Before attending this workshop, you’ll need to complete a few setup steps to ensure you can follow along smoothly. The main requirements are:

  1. GCP Access – Use the shared Google Cloud project provided by RCI and ML+X (standard for UW-Madison workshops) or sign up for a personal GCP Free Tier account.
  2. Titanic Dataset – Download the required CSV files in advance.
  3. (Optional) Google Cloud Skills Boost — For a broader overview of GCP, visit the Getting Started with Google Cloud Fundamentals course.
  4. (Optional) GitHub Account — Only needed if you want to push your work back to a fork. See the GitHub PAT guide for details.

Details on each step are outlined below.

2. GCP Access

There are two ways to get access to GCP for this lesson. Please wait for a pre-workshop email from the instructor to confirm which option to choose.

Option 1) Shared Google Cloud Project (UW-Madison workshops)

When this workshop is taught at UW-Madison (e.g., Machine Learning Marathon, Research Bazaar), the instructors provide access to a shared GCP project courtesy of RCI (Research Cyberinfrastructure) and ML+X. You do not need to set up your own account or billing.

How access works: The instructors will add your Google account to a Google Group that has the necessary permissions on the shared project. Once you’re added, GCP will recognize your membership and grant access — this can take 5–15 minutes to propagate. If possible, the instructors will add you the day before the workshop so everything is ready at start time.

What to expect:

  • During the lesson, you will log in with your Google account credentials and select the shared GCP project.
  • If you can’t see the project right away, wait a few minutes for permissions to propagate. Try refreshing the page or opening an incognito/private browser window. Make sure you’re logged into the correct Google account (the one the instructors added to the group).
  • This setup ensures that all participants have a consistent environment and avoids unexpected billing for attendees.
  • Please use shared credits responsibly — they are limited and reused for future training events.
    • Stay within the provided exercises and avoid launching additional compute-heavy workloads (e.g., training large language models).
    • Do not enable additional APIs or services unless instructed.

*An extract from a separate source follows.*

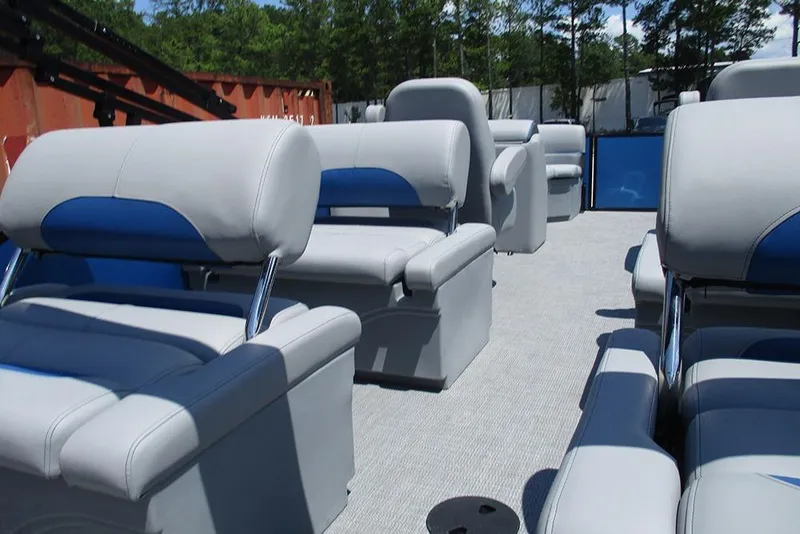 Slide: The Image of 2026 Bentley Pontoons Legacy 220 Quad Swingback interior with plush seating and modern design. - 25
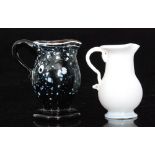 A late 18th Century Wrockwardine glass jug of footed ovoid form with an applied loop handle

Option 2) GCP Free Tier — Skip If Using Shared Project

If the instructors aren’t providing a shared account environment, please follow these instructions:

  1. Go to the GCP Free Tier page and click Get started for free.
  2. Complete the signup process. The Free Tier includes a $300 credit valid for 90 days and ongoing free usage for some smaller services.
  3. Once your account is ready, log in to the Google Cloud Console.
  4. During the lesson, we will enable only a few APIs (Compute Engine, Cloud Storage, and Notebooks).

Following the lesson should cost well under $15 total if you are using your own credits.

3. Download the Data

For this workshop, you will need the Titanic dataset, which can be used to train a classifier predicting survival.

  1. Please download the following zip file (Right-click → Save as):
    data.zip

  2. Extract the zip folder contents (Right-click → Extract all on Windows; double-click on macOS).

  3. Save the two data files (train and test) somewhere easy to access, for example:

    • ~/Downloads/data/titanic_train.csv
    • ~/Downloads/data/titanic_test.csv

In Episode 3, you will create a Cloud Storage bucket and upload this data to use with your notebook.

4. (Optional) Google Cloud Skills Boost — Getting Started with Google Cloud Fundamentals

If you want a broader introduction to GCP before the workshop, consider exploring the Getting Started with Google Cloud Fundamentals self-paced learning path. It covers the basics of the Google Cloud environment, including project structure, billing, IAM (Identity and Access Management), and common services like Compute Engine, Cloud Storage, and BigQuery. This step is optional but recommended for those that want a broader overview of GCP before diving into ML/AI use-cases.